If you make an investment commitment and there are important changes between the date of your commitment and the date the investment is concluded, then (1) the Issuer must notify you of the changes, (2) your investment commitment will be canceled automatically unless you reconfirm your commitment within five business days of receipt of the notice.
After you invest, the Issuer is generally required to file annual reports with the SEC and post them on its own website within 120 days after the end of the fiscal year. The annual report will typically include:
- The same types of information included on the Form C you saw when you invested;
- Updated financial statements certified by the principal executive officer of the Issuer (the financial statements don’t have to be reviewed or audited, but if the Issuer already has reviewed or audited financial statements, they must be provided); and
- Updated disclosures about the Issuer’s financial condition.
The Issuer is allowed to stop filing annual reports upon the earlier to occur of:
- The date the Issuer has filed at least one annual report and has fewer than 300 shareholders of record;
- The date the Issuer has filed at least three annual reports and has total assets no greater than $10 million;
- The date the Issuer or someone else buys all of the securities issued in the Title III offering;
- The date the Issuer registers its securities and is required to file reports under the Securities Exchange Act of 1934; or
- The date the Issuer is dissolved under state law.

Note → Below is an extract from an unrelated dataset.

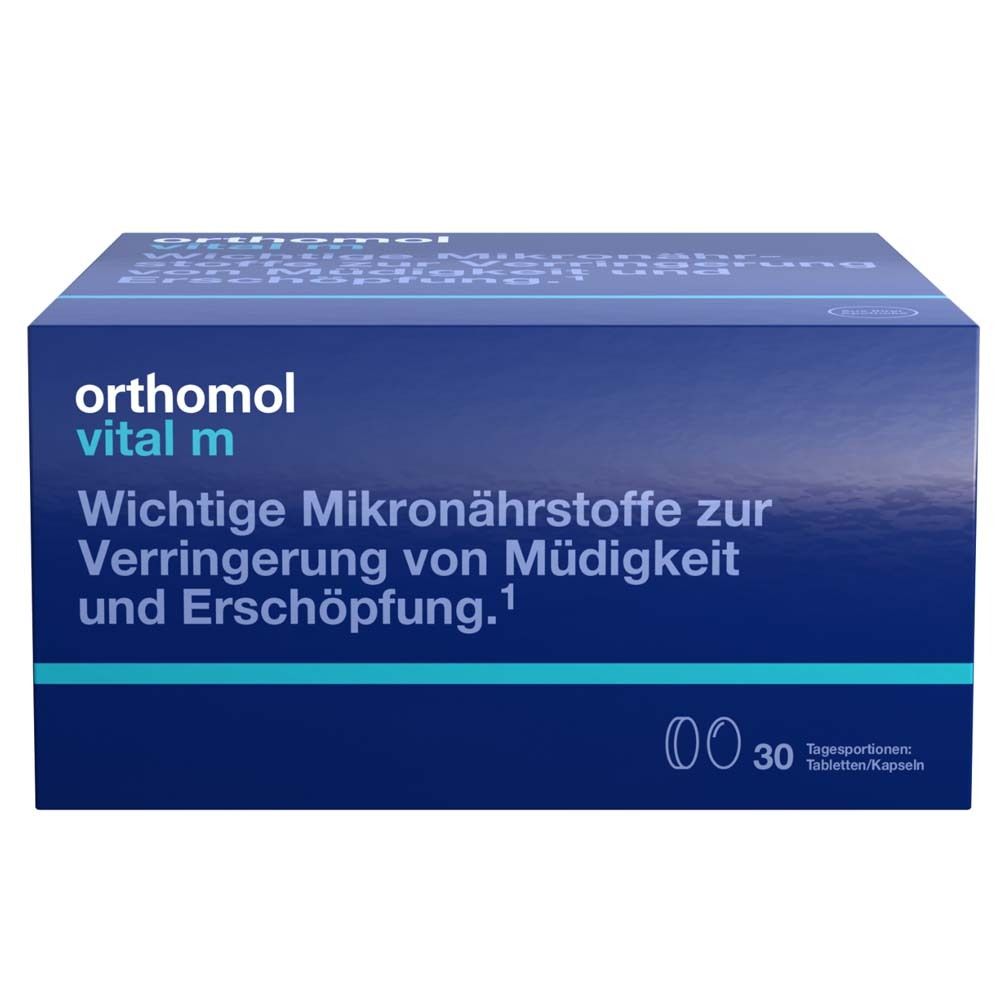 Orthomol Vital m - Mikronährstoffe für Männer - bei Müdigkeit - mit B-Vitaminen, Omega-3 und Magnesium - Tabletten/Kapse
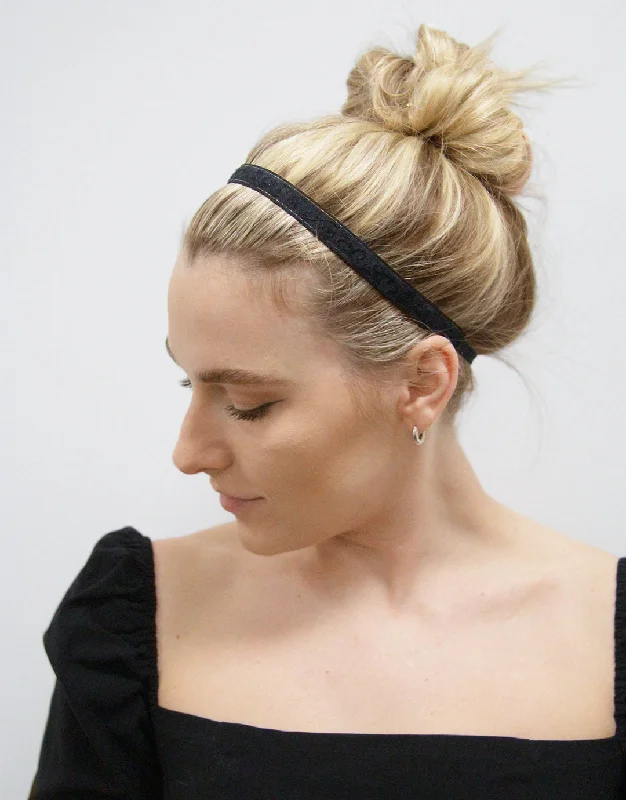 Black Scroll Solid - Skinny Headband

At best, you will have current information about the Issuer once per year. If the Issuer stops providing annual reports, you won’t have current financial information about the Issuer at all.
An Issuer might hire a public relations firm or other third party to promote the Issuer’s offering on the Platform – for example, by talking about the offering in our chat room. Or an employee or founder of the Issuer might do the same thing. In either case, the person doing the promoting must identify himself or herself on the Platform and disclose that he or she is engaged in promotional activity. In the case of a third party, the third party must also disclose that it is being paid for its promotional activity.
The SEC adopted in November 2020 significant changes to Title III, including changes that now:
- Allow accredited investors to invest any amount, with no limits.
- Raise the investment limits for non-accredited investors.
- Raise the amount an Issuer may raise, to $5M per year.